DATA IN THIS EXERCISE -

- Opening Delimiter -

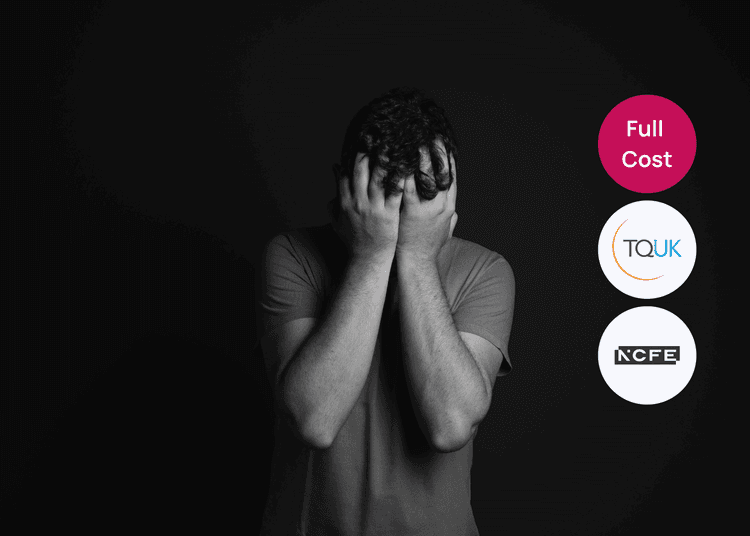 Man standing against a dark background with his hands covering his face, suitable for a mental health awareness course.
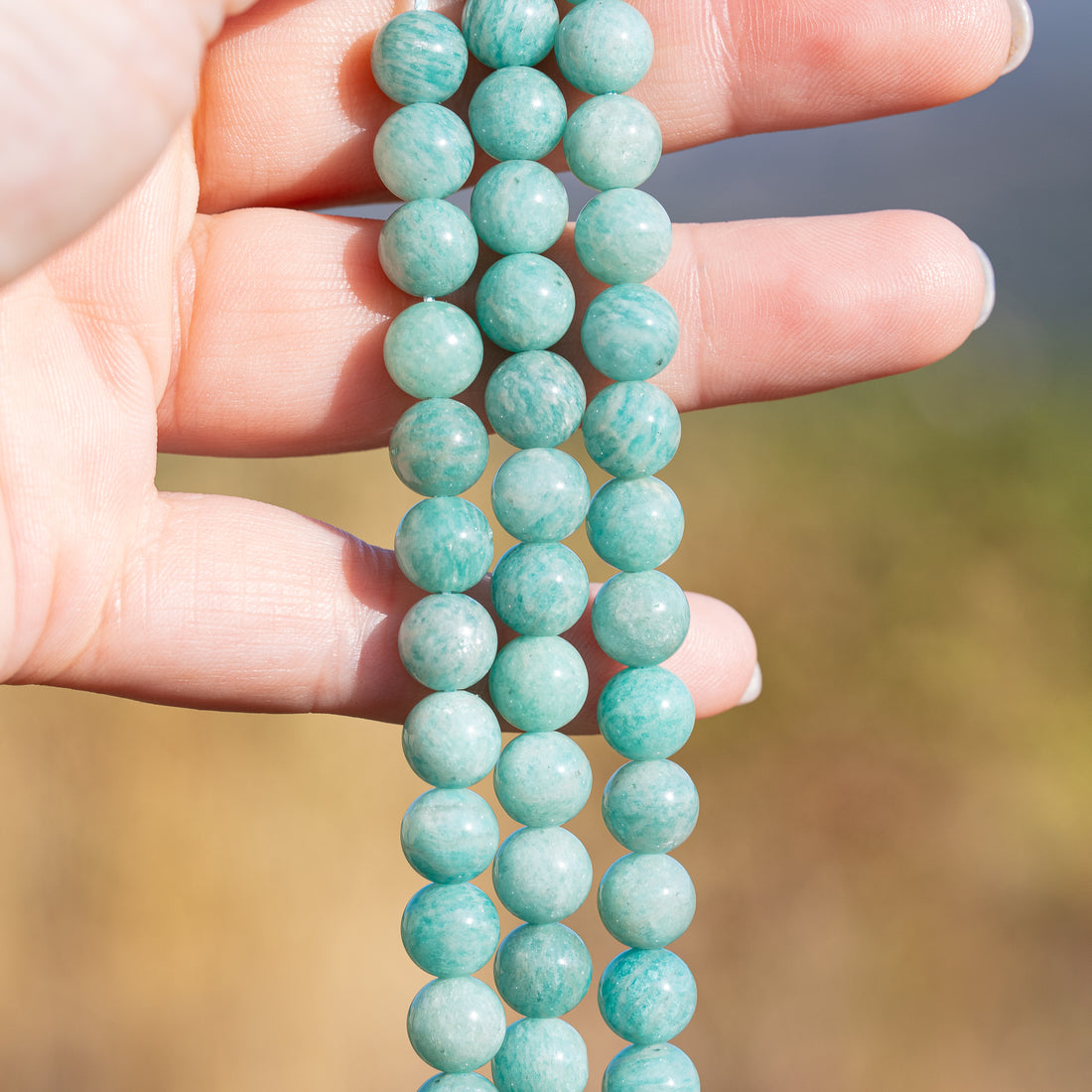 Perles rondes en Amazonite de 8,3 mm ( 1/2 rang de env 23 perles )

- Closing Delimiter -
- Opening Delimiter -

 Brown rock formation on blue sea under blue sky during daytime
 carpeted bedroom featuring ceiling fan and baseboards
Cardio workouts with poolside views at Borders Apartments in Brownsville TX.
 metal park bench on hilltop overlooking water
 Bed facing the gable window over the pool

- Closing Delimiter -
- Opening Delimiter -

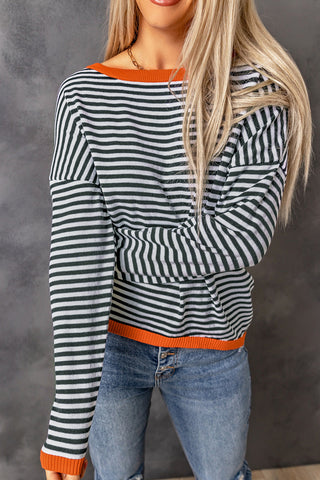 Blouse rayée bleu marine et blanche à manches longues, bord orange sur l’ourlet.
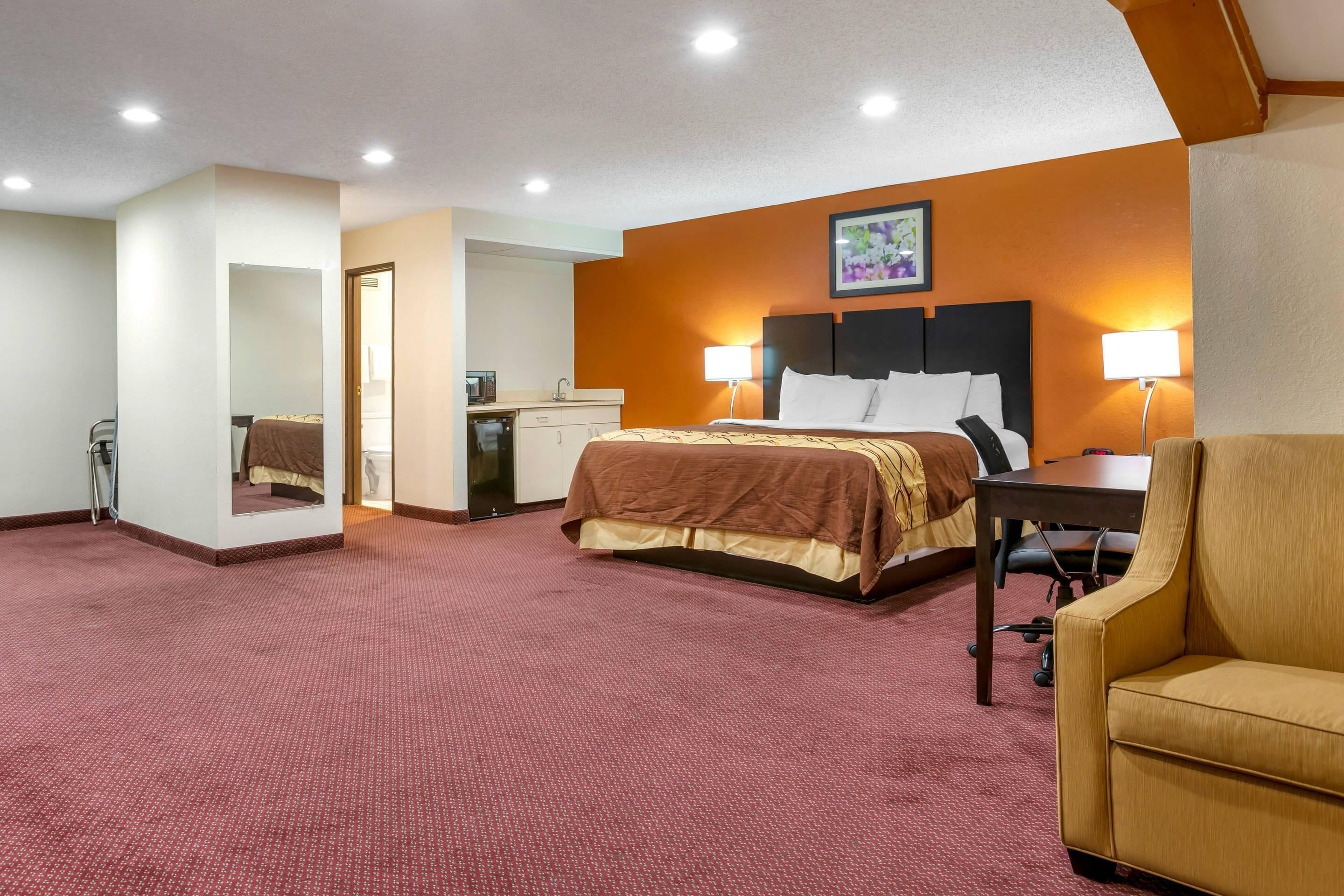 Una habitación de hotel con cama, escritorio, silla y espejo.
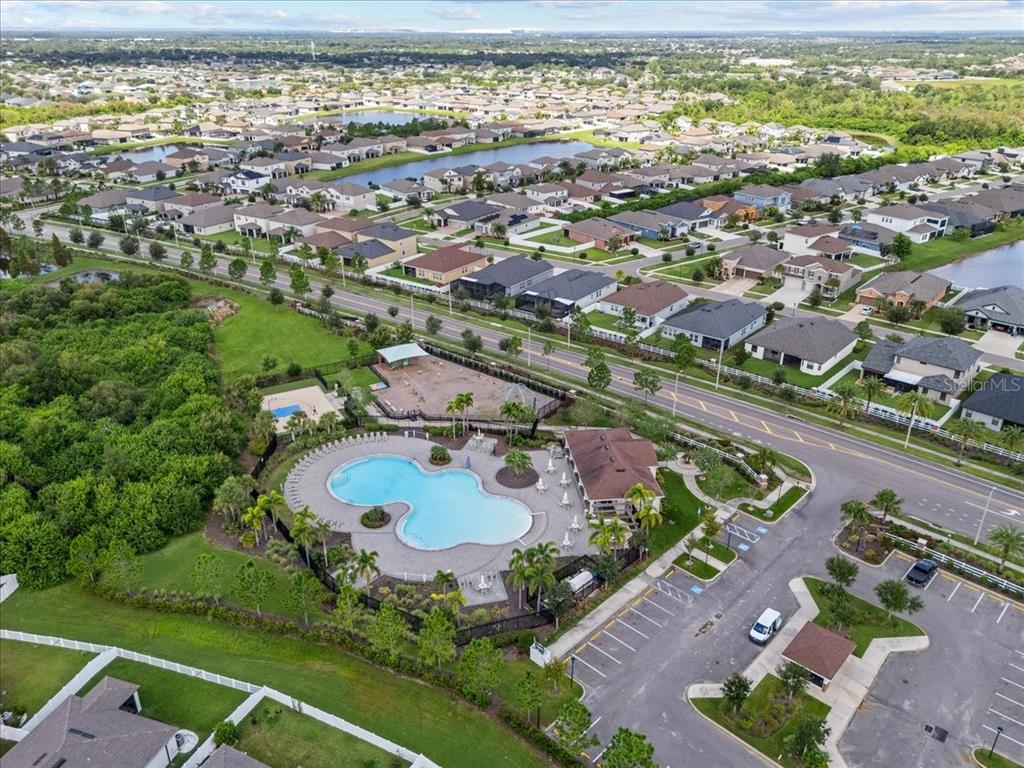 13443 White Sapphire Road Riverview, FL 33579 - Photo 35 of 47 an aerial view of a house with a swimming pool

- Closing Delimiter -

TASK TO CARRY OUT - Exercise for the records above: copy only the lines from the one with "Man standing against" to the one with "Perles rondes en", both ends kept, and drop the pictures.

SOLUTION FOR THIS EXERCISE -
 Man standing against a dark background with his hands covering his face, suitable for a mental health awareness course.
 Perles rondes en Amazonite de 8,3 mm ( 1/2 rang de env 23 perles )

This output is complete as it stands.